- What you will do
Extract the lines from the first one in the records below through the line containing "234 LONGS LAKE", keeping both ends and leaving out any pictures.

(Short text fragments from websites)
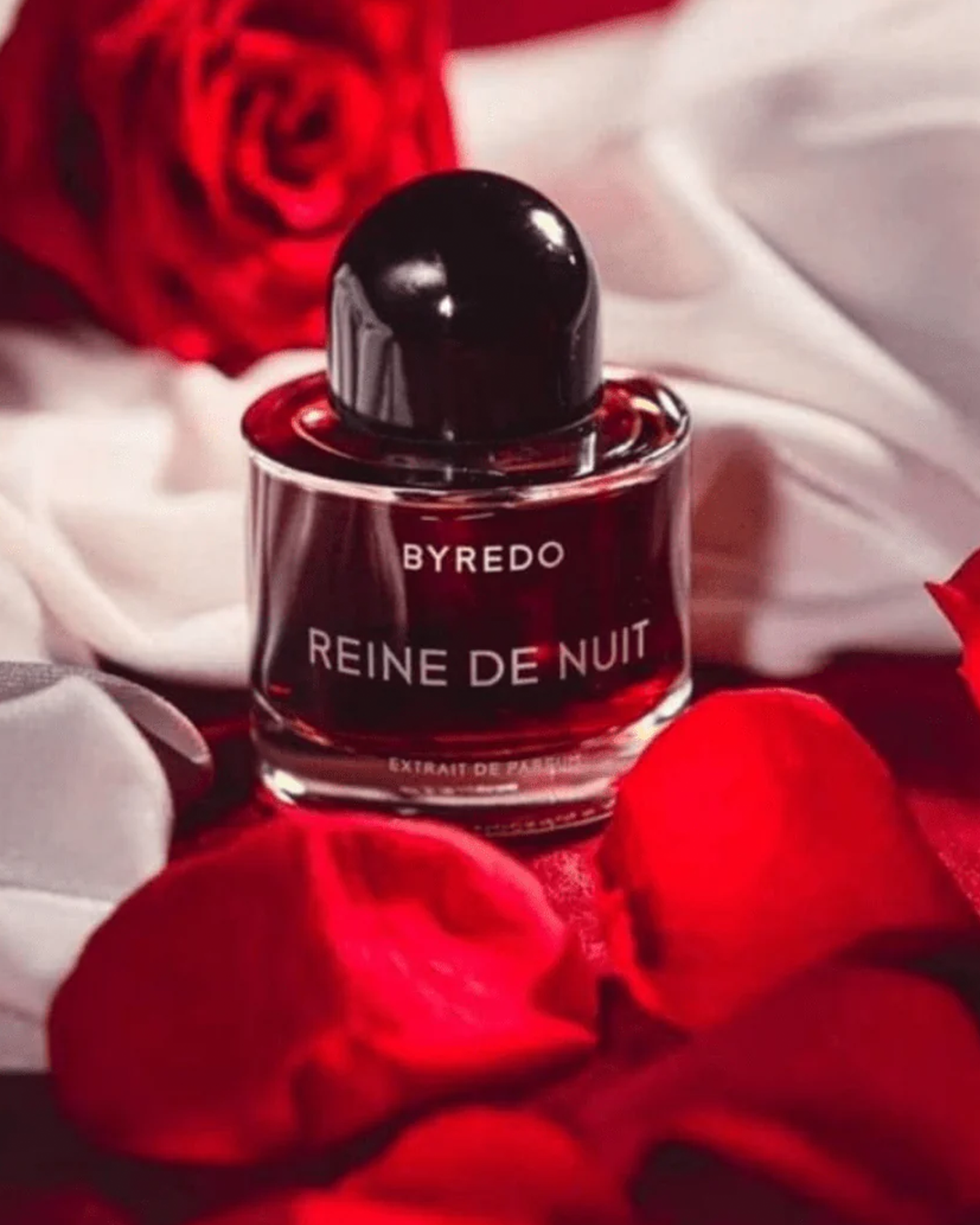 Reine de Nuit 50ml Extrait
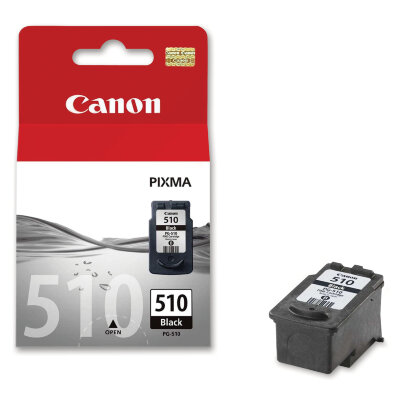Картридж струйный CANON (PG-510) Pixma MP240/MP260/MP480, черный, оригинальный, ресурс 220 страниц, 2970B007, 360990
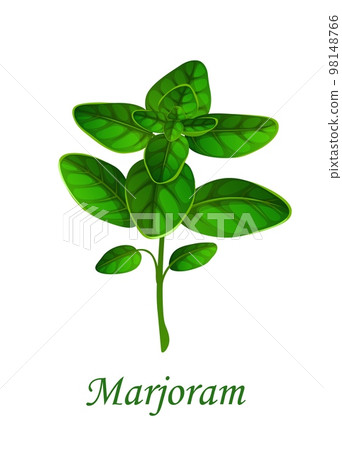 Marjoram herb seasoning, herbal spice flavoring and cooking condiment, isolated vector. Marjoram plant branch, herbal spice for tea or cooking recipe seasoning and healthy food 98148766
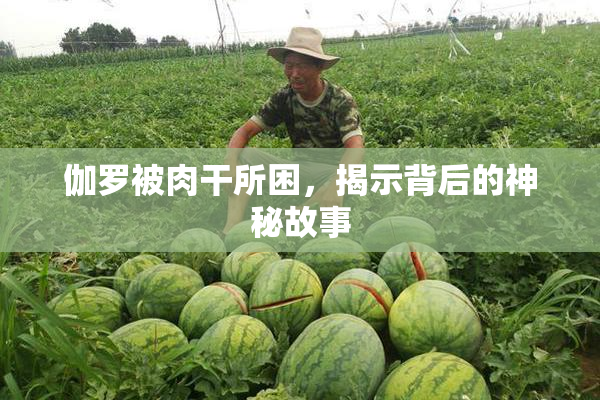 伽罗被肉干所困，揭示背后的神秘故事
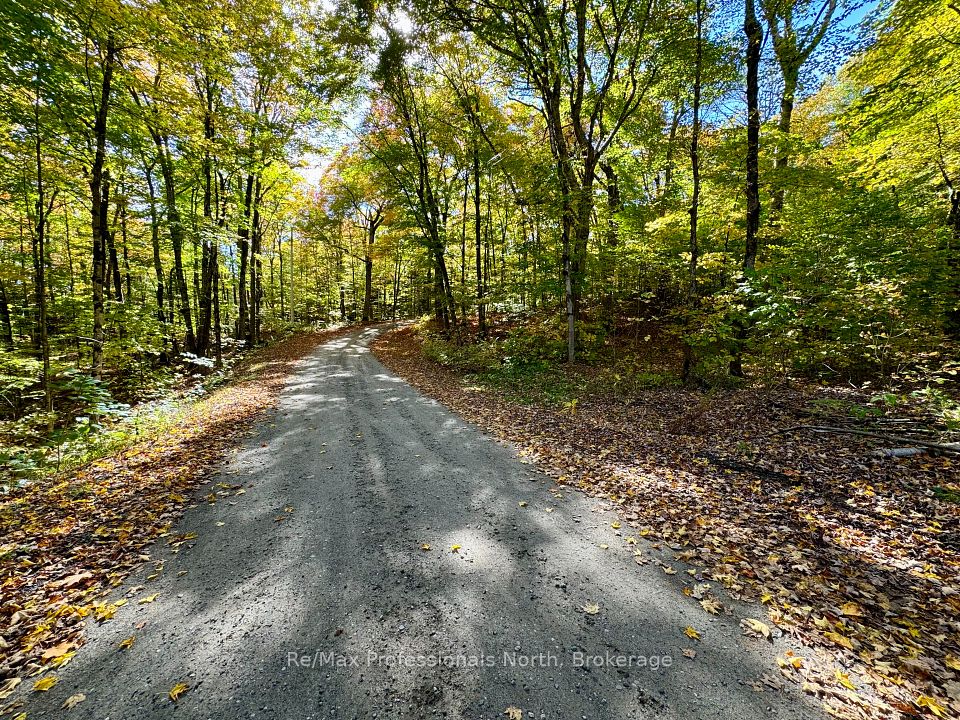 234 LONGS LAKE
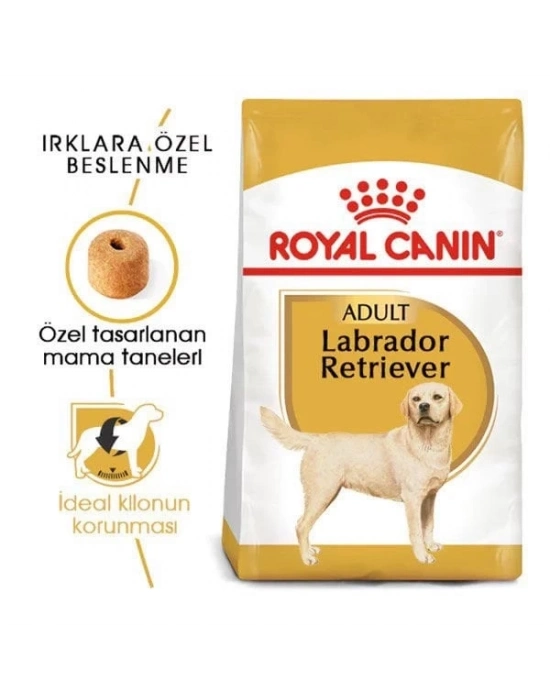 Royal Canin Labrador Retriever Yetişkin Köpek Maması 12 Kg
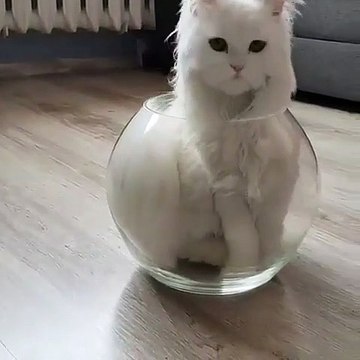 Quand une sublime chatte essaie d'entrer dans un bocal. Marrant !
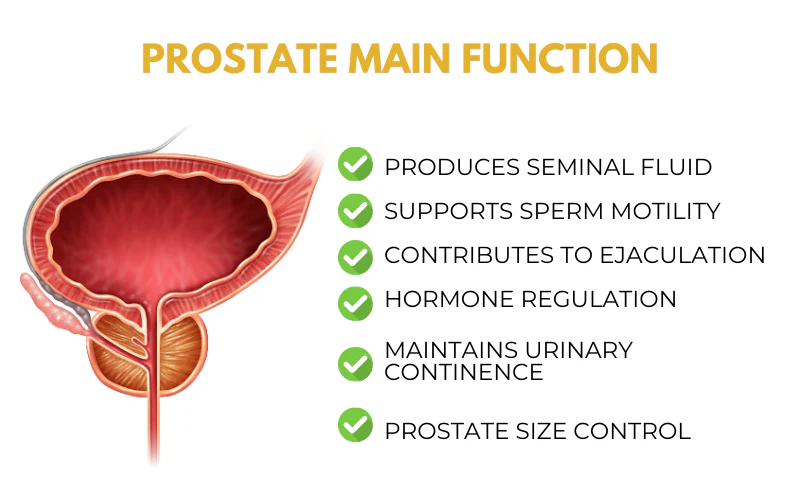 Biancat™ ProsVen Prostate Wellness Nasal Spray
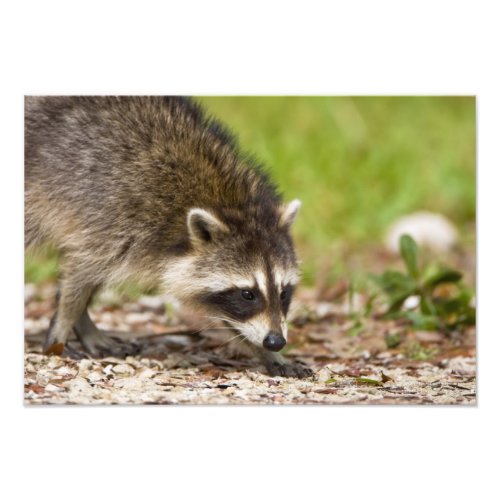 The raccoon Procyon lotor is a widespread Photo Print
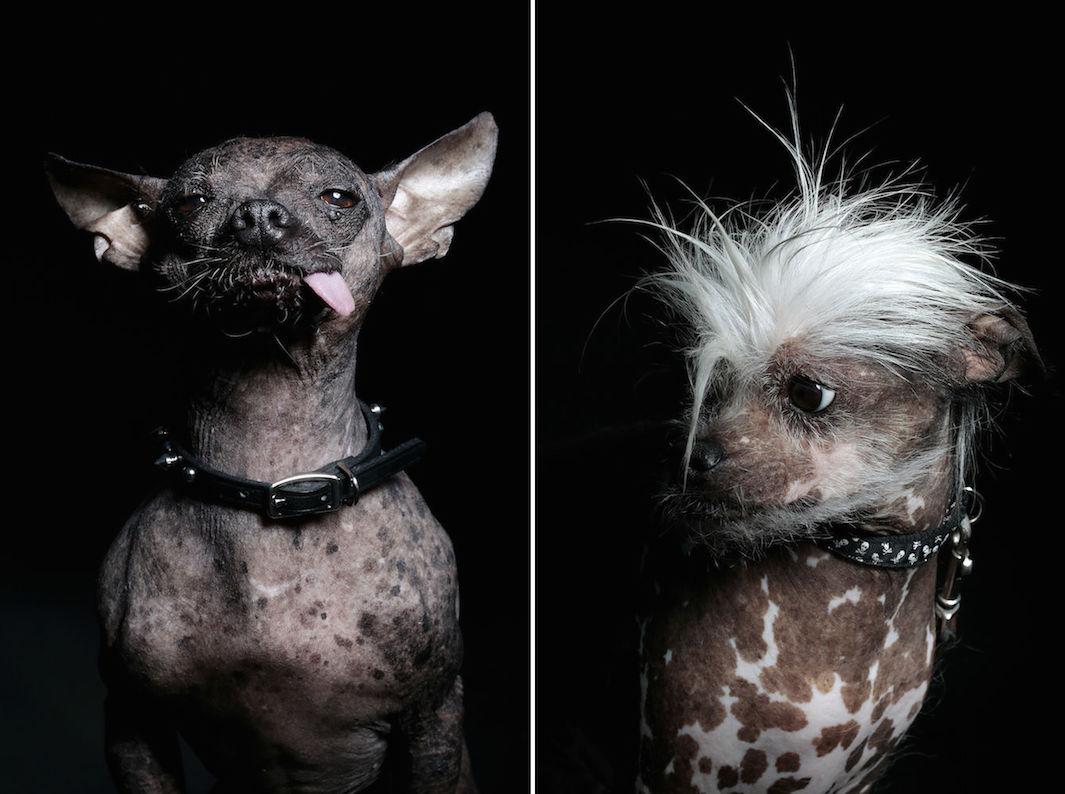 xoloitzcuintli ugliest dog breed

- Output for this exercise
 Reine de Nuit 50ml Extrait
Картридж струйный CANON (PG-510) Pixma MP240/MP260/MP480, черный, оригинальный, ресурс 220 страниц, 2970B007, 360990
 Marjoram herb seasoning, herbal spice flavoring and cooking condiment, isolated vector. Marjoram plant branch, herbal spice for tea or cooking recipe seasoning and healthy food 98148766
 伽罗被肉干所困，揭示背后的神秘故事
 234 LONGS LAKE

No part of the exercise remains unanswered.